EXERCISE REQUIREMENTS – What is needed is an exact copy of every line from the one with "Nutans Ayoba Orange" to the end of the entries below, without the pictures.

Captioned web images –
+ + + +

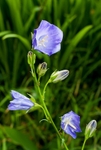 Little Blue Cosmos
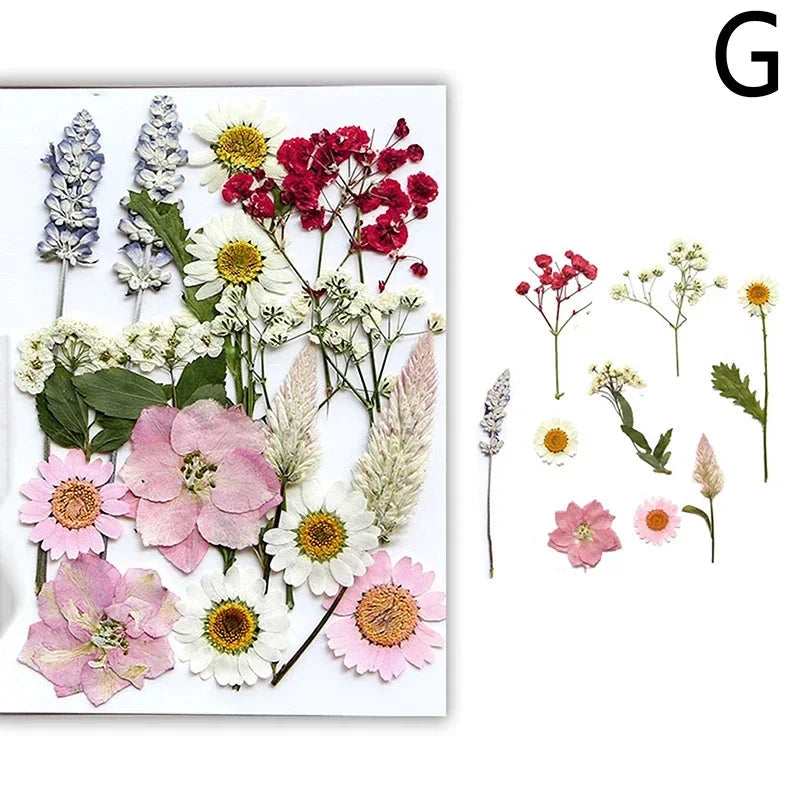 For Fun DIY Embossed Dried Flower Resin Fillings Real Flower for Home Decoration Nail Art Handicrafts Jewelry Making Crafts Econic Blanks
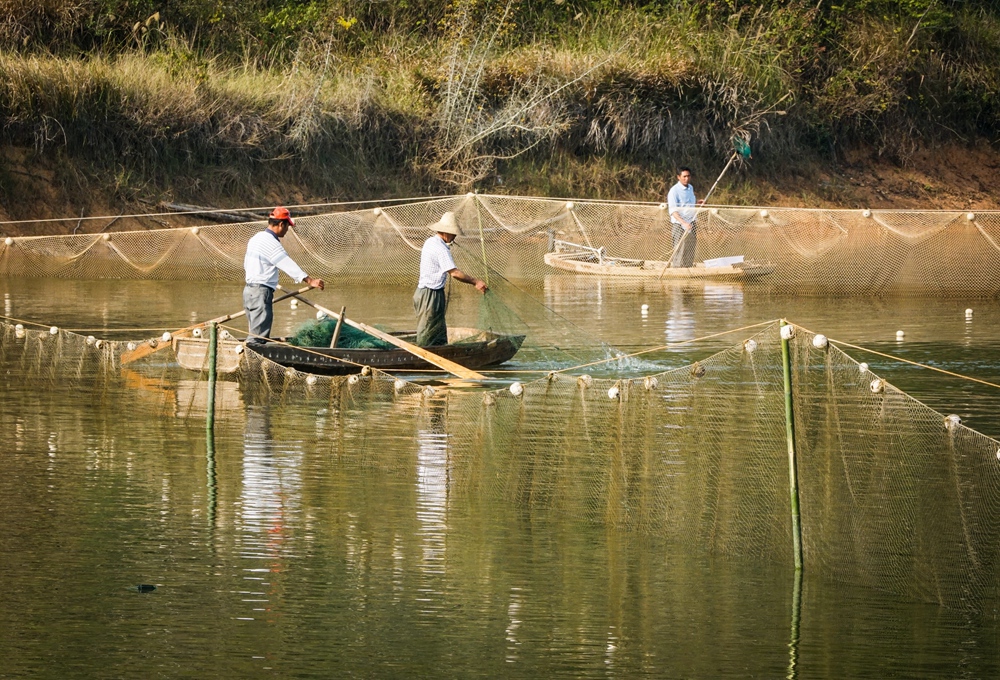 扶贫水产合作社育鱼肥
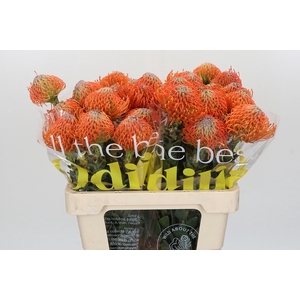Nutans Ayoba Orange
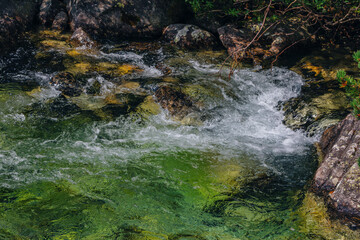 Summer landscape – close up mountain river in a forest - crystal pure water, rocks and lush foliage
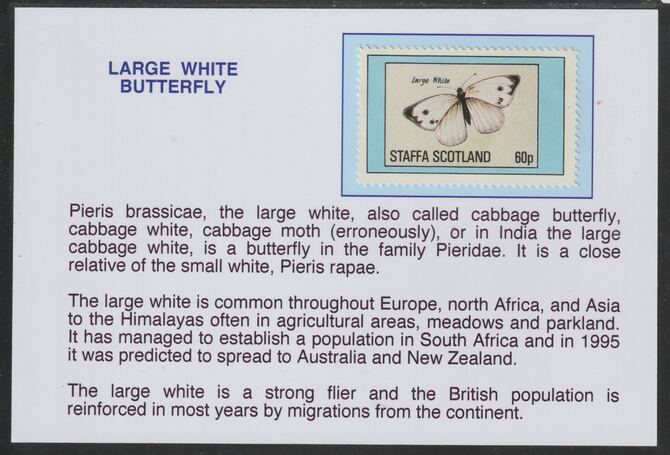 Staffa 1982 Butterflies - Large White 60p mounted on glossy card with descriptive notes - privately produced 150mm x 100mm, stamps on , stamps on  stamps on butterflies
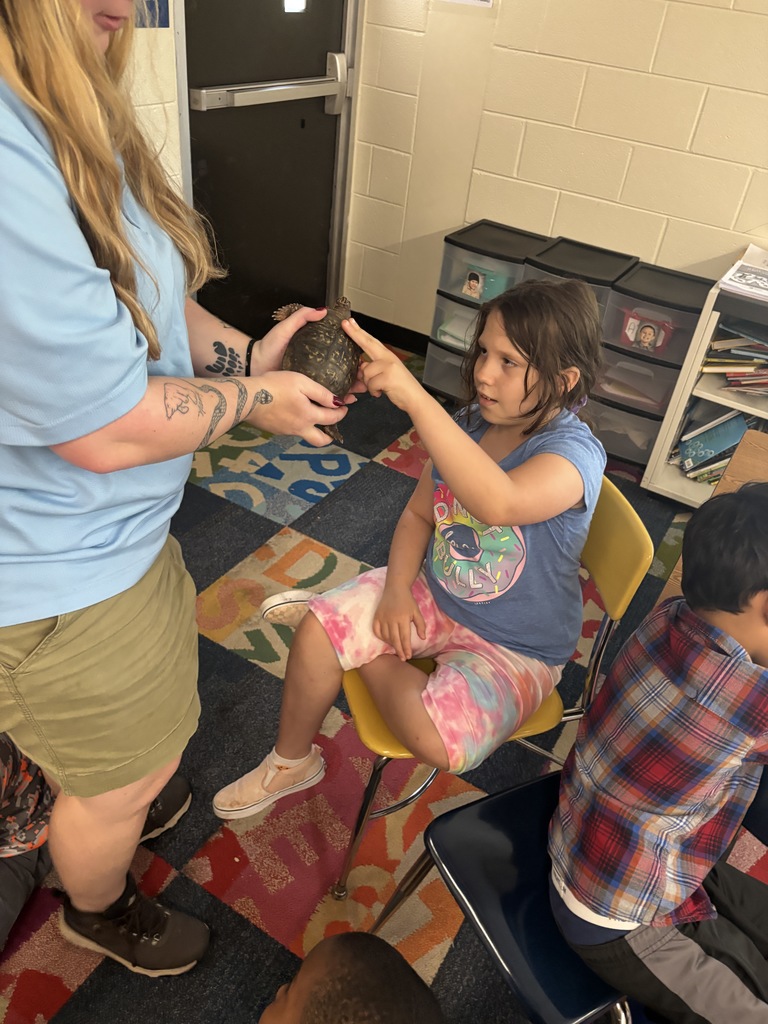 A student touching a turtle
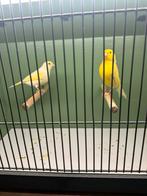 Kleur kanaries koppel te koop, Meerdere dieren, Kleurkanarie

+ + + +

SOLUTION FOR THIS TASK –
Nutans Ayoba Orange
 Summer landscape – close up mountain river in a forest - crystal pure water, rocks and lush foliage
 Staffa 1982 Butterflies - Large White 60p mounted on glossy card with descriptive notes - privately produced 150mm x 100mm, stamps on , stamps on  stamps on butterflies
 A student touching a turtle
 Kleur kanaries koppel te koop, Meerdere dieren, Kleurkanarie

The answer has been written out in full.